Drivers: Oil sector growth catapulted to an eight-and-a-half-year high of 6.9% year on year in the first quarter (Q4 2023: +2.2% yoy), spearheading the upturn. In particular, oil production ramped up, increasing by over 15% in March and over 5% in the quarter as a whole (Q4 2023: +4.5% yoy).
Elsewhere in the economy, non-oil output rose 3.9% year on year, accelerating from the prior quarter’s 2.0% expansion on a broad-based improvement. The tertiary sector underpinned the upturn on the back of a sharper rise in wholesale and retail trade plus a double-digit increase in transport sector activity, which added nearly two percentage points to the reading. Additionally, a rebound in construction output contributed to faster growth in industrial production, and the agricultural sector also gained momentum.

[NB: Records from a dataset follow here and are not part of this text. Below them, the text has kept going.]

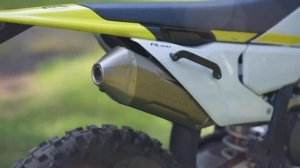 2024 Husqvarna FE 350s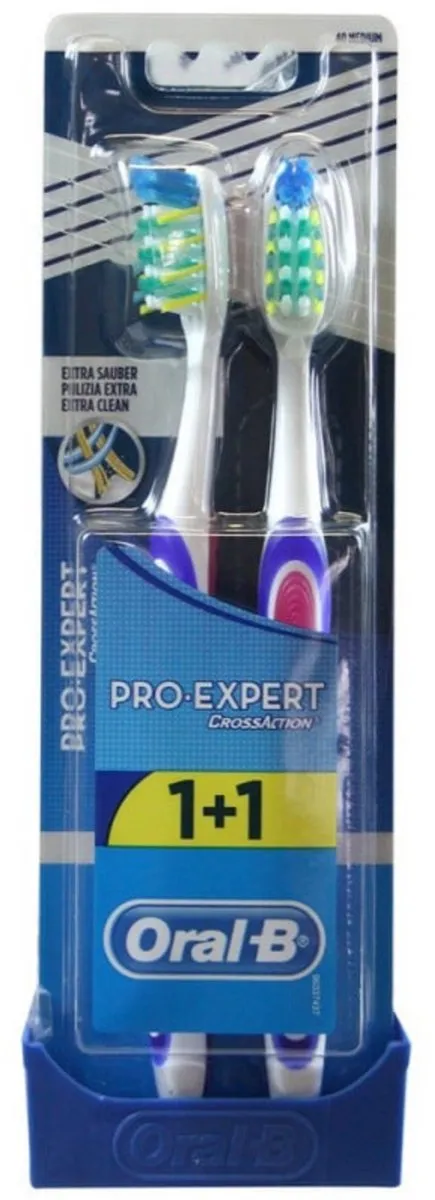 Oral-B Pro Expert Extra Clean Medium Tandenborstels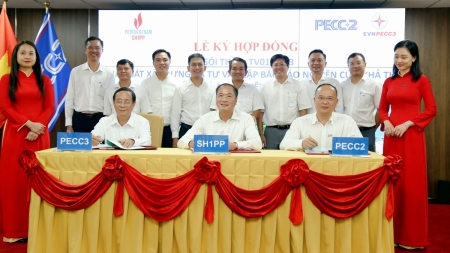 [PetroTimesTV] Dự án Nhà máy nhiệt điện Ô Môn III triển khai giai đoạn chuẩn bị đầu tư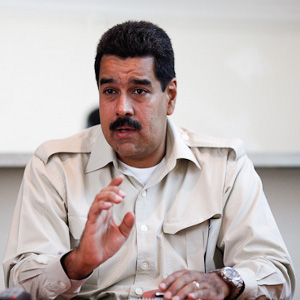 Venezuela hoy, la revolucion continua - Página 45 Maduro-2106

GDP outlook: Our panelists expect the economy to lose steam through end-2024 as elevated interest rates and inflation, coupled with a weaker kwanza year on year, constrain activity. That said, over 2024 as a whole, our Consensus is for economic growth to more than double from 2023, supported by rising oil output driving a rebound in exports; oil and gas products accounted for over 90% of total exports last year.

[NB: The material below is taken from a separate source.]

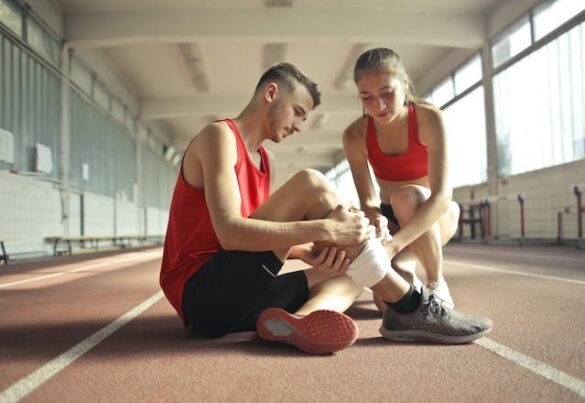 Why Help From a Sports Medicine Professional is Beneficial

Panelist insight: Gerrit van Rooyen, analyst at Oxford Economics, commented:
“We forecast economic growth will pick up to 2.3% in 2024 […]. Our growth projection for 2024 partly reflects a modest bounceback in oil production following the completion of extensive maintenance at one of the floating, production, storage and offloading (FPSO) units in Q1 2023. Non-oil GDP will still be supported by investment in oil refining, mining exploration, transport infrastructure, renewable energy, and the extension of the privatisation programme to a second round (2023-2026). Moreover, the government has budgeted for higher expenditure on goods and services in 2024.”